You get that call - all is not right with mom or dad. Suddenly, you have to step in and take over a life's worth of financial details.
For most people, this call comes too soon, before relatives have passed along key information about accounts and passwords, causing panic. But it's still a daunting task even for those who have planned ahead.
Just ask Diana Raab, 60, who lives in Santa Barbara, California, while her 84-year-old mother lives in New York. Raab, who is an author, made the cross-country trip in March after her mother got a bad cold and started losing her faculties.
She encountered total disarray: the cable bill hadn't been paid in months, there were stacks of mail and her mom's credit card wasn't working.
Where to start?
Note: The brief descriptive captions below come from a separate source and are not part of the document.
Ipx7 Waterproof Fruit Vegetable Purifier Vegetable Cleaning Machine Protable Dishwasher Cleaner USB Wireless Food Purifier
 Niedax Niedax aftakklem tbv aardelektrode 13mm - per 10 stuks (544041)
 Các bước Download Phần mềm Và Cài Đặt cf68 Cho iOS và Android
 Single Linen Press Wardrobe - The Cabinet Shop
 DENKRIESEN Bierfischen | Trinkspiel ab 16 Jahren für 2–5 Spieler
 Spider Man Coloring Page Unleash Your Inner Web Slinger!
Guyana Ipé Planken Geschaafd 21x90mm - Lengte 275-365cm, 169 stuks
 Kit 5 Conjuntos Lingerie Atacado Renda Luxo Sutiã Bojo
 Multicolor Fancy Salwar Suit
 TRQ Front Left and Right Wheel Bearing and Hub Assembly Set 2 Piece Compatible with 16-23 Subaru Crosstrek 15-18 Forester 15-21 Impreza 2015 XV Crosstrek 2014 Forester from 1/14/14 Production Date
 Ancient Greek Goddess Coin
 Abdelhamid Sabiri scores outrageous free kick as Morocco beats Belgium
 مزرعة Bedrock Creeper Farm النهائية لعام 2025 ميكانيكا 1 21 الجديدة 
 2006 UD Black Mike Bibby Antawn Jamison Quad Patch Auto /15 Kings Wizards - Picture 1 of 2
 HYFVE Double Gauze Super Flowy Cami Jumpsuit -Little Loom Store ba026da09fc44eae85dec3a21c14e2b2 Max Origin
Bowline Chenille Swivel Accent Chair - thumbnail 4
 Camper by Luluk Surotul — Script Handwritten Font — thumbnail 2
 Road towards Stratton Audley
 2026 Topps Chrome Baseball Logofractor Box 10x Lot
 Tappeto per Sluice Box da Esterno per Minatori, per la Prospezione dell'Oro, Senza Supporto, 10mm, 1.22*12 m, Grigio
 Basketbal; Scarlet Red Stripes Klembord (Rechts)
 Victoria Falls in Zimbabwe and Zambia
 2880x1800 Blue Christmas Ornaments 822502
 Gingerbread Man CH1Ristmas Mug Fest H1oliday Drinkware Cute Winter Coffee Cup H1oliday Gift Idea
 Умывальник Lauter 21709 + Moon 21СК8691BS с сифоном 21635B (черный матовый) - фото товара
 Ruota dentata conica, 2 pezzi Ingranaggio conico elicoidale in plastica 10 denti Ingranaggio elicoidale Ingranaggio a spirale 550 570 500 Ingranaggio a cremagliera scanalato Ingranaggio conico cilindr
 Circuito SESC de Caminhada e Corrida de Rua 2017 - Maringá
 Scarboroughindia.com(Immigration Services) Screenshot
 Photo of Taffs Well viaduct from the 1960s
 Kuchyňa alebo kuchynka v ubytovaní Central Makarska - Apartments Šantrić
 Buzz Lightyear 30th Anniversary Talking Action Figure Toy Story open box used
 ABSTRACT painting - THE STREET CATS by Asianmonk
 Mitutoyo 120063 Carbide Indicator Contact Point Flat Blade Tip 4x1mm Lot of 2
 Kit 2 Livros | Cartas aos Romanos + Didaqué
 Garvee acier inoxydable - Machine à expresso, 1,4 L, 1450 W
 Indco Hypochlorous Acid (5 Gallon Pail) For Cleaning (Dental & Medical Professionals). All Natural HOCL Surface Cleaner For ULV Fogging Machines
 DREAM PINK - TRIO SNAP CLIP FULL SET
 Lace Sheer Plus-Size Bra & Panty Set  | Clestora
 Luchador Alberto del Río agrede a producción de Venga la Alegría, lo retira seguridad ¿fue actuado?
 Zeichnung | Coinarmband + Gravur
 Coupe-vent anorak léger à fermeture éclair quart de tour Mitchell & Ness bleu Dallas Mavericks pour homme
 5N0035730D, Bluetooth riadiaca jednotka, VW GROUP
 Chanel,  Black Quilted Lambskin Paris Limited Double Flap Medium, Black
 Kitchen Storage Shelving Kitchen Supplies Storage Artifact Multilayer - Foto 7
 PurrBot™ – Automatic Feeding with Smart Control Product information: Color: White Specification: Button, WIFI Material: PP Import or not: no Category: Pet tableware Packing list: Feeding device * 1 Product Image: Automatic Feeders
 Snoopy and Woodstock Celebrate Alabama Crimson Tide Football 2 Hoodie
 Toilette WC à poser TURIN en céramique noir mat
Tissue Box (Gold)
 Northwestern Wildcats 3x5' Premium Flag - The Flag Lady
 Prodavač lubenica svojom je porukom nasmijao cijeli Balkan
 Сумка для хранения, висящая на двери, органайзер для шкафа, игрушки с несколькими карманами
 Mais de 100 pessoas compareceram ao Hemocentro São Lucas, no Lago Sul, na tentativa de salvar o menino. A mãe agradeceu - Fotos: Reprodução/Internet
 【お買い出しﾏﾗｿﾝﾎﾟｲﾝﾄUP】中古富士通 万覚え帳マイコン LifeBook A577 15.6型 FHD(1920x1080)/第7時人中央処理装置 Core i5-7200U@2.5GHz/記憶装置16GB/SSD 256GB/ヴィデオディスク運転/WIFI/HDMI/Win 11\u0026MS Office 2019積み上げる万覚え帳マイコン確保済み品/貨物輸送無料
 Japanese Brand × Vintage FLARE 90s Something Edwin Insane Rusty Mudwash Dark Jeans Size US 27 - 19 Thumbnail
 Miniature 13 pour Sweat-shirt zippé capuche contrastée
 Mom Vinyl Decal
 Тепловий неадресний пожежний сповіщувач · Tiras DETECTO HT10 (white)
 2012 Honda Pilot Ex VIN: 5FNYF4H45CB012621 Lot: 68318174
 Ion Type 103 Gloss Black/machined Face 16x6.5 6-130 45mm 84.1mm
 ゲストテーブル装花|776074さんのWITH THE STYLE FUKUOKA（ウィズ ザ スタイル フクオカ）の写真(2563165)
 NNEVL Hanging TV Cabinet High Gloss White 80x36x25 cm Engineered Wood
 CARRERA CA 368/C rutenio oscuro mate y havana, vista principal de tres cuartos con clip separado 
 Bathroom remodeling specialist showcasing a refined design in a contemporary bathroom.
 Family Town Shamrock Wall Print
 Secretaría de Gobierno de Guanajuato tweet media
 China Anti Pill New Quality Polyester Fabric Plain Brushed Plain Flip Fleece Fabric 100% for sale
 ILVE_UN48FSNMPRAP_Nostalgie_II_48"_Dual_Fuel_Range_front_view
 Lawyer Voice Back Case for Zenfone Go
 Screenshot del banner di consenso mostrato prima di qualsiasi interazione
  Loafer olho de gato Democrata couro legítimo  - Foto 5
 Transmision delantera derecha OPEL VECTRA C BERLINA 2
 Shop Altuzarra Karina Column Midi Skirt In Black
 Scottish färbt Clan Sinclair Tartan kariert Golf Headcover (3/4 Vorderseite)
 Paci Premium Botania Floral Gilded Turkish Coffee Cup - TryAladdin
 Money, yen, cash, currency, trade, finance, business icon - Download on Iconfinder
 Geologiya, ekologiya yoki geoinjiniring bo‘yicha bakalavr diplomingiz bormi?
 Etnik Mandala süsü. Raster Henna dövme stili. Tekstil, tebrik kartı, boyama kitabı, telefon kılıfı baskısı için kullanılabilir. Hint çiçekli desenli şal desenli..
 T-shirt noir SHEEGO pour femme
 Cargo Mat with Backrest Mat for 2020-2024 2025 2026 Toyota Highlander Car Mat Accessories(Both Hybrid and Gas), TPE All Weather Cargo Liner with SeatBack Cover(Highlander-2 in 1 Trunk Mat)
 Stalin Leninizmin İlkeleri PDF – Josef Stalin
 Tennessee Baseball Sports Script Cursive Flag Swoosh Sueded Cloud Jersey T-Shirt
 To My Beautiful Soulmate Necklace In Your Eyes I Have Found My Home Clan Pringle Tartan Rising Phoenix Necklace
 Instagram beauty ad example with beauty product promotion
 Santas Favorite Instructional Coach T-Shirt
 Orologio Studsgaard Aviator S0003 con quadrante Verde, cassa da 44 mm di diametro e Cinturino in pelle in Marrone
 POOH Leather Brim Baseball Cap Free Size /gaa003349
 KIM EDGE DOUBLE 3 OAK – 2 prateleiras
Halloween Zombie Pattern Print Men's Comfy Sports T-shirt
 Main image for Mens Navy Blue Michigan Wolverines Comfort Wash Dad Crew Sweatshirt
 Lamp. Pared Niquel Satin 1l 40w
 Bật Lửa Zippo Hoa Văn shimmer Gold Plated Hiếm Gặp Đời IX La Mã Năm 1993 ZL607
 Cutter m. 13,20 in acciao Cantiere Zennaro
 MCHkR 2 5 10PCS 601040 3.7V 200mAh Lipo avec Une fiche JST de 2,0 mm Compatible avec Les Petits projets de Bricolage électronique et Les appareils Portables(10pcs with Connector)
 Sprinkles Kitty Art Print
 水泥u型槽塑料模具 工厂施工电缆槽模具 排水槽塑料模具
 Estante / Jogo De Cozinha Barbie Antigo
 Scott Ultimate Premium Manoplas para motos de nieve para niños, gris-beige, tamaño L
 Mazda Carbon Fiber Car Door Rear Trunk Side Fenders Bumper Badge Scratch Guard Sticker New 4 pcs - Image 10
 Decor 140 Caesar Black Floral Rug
There's a benefit to taking a methodical approach and not trying to do everything at once in a flurry, experts and experienced caregivers say.
Power of Attorney
First, find out who your parent has designated as their power of attorney.
If a properly signed and witnessed legal document is already on file, you're ready to go, says Howard Krooks, president of the National Academy of Elder Law Attorneys.
This is where advice to those who haven't yet prepared is key - set this up before anything bad happens. There is no age at which it's too soon, Krooks says. "The reality is that a disability can happen to anyone at any time," Krooks says.
If you don't have a power of attorney set up, though, you can get one executed in a day, says Holly Kylen, a retirement coach at ING. You can also get limited access to another person's checking account by going to a bank branch with them, says Jilenne Gunther, senior strategic policy adviser for AARP.
For situations where your parent or relative is too incapacitated to participate, you can contact an attorney and start the process to be named a guardian. In the meantime, keep records of bills you pay out of pocket.
If the disabled person is married, a spouse can typically access accounts. But, increasingly, married couples have at least a few separate accounts and you'll need paperwork to get into them, says Kylen.
What you don't want to do is call up pretending to be the incapacitated person. "It's just going to come back and bite you," says Kylen.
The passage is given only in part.